La misère à la campagne. Les isbas tombent en ruines. Les paysans manquent de tout, et en particulier des moyens indispensables au travail de la terre. Malfa Lapkina n’a qu’une vache, squelettique. Elle n’a pas de herse, pas de cheval pour labourer sa terre. Elle va demander aux riches koulaks ses voisins, de lui prêter un cheval. Ils refusent. Avec l’aide de l’agronome régional, elle parvient à persuader quelques paysans de s’unir pour créer une coopérative laitière. Malgré le sabotage des koulaks, le bien-être s’installe peu à peu dans le village. Puis la collectivité achète un taureau et l’élevage devient prospère. Enfin les ouvriers-cadres aident l’équipe à acheter un tracteur. Le film s’achève sur les images de dizaines de tracteurs qui labourent les terres, d’une inépuisable fertilité, de la collectivité.
Le Cuirassé Potemkine et Octobre, films sur la révolution, sont des films de foule, de destin collectif. La Ligne générale raconte une destinée purement individuelle. Eisenstein avait choisi une paysanne illettrée, portée par sa propre expérience : Marfa n’est pas un personnage démonstratif mais une femme simple, obstinée dans son bon sens. C’est d’instinct qu’elle adhère à la coopérative.

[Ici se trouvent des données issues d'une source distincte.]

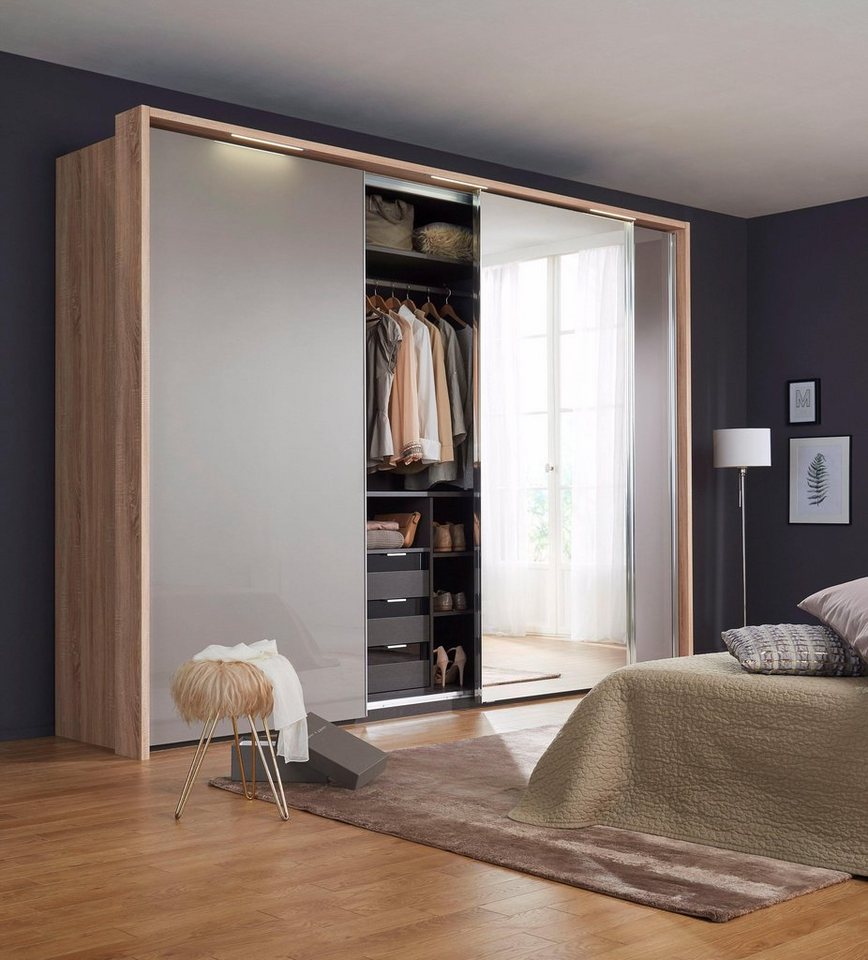 nolte® Möbel Schwebetürenschrank (3-türig) »Marcato 1C« mit Fronten aus Glas und Spiegel online kaufen | OTTO nolte® Möbel Schwebetürenschrank (3-türig) »Marcato 1C« mit Fronten aus Glas und Spiegel online kaufen | OTTO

Et, à partir de là, le film s’envole dans le lyrisme. Un pope organise une procession et des prières pour qu’il pleuve. Le baromètre est avec lui. Le montage, railleur, assimile les paysans crédules à des moutons qui bêlent et qui bavent. Marfa, elle, croit aux forces naturelles, au travail. Elle regarde fonctionner, avec une triomphante joie sensuelle, l’écrémeuse achetée par la coopérative. Et l’appareil devient une sorte d’être vivant, qui éclabousse de gouttes blanches le visage radieux de la paysanne dans un jaillissement de fécondité.